> [What the task asks]
Reproduce exactly, and only, the lines below from the one containing "Chaturbate Free Porn Cam of thomklein" through the one containing "POKEMON HOODIE".

> [Supplied records]
***
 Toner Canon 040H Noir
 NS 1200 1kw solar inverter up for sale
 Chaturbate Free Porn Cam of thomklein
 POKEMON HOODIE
***
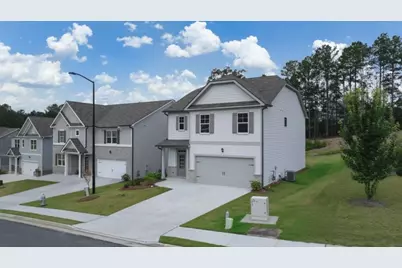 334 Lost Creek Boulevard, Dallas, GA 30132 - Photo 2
***
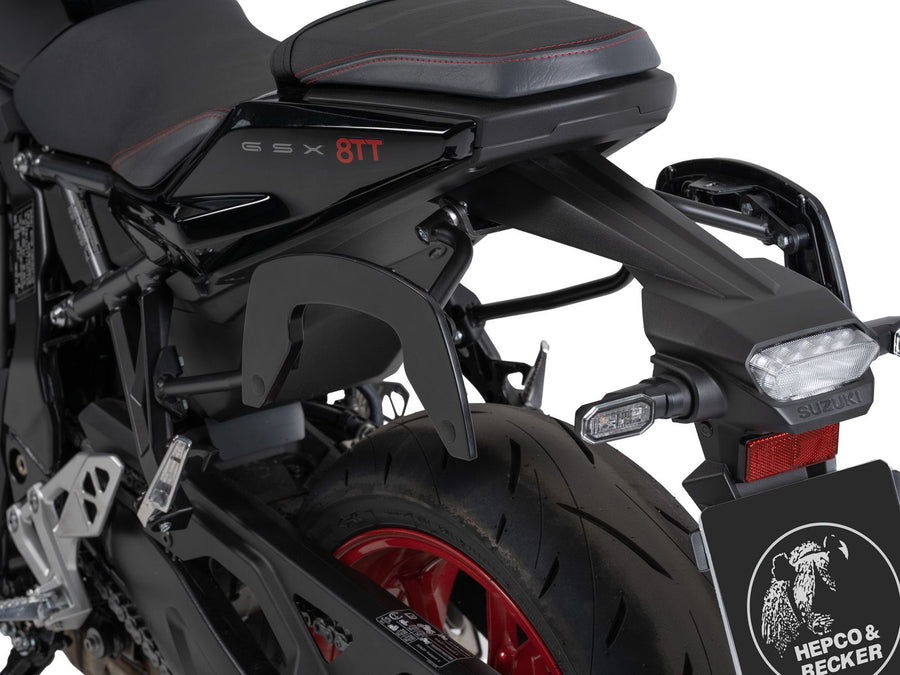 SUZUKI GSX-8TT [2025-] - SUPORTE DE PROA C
***
> [Written response]
 Chaturbate Free Porn Cam of thomklein
 POKEMON HOODIE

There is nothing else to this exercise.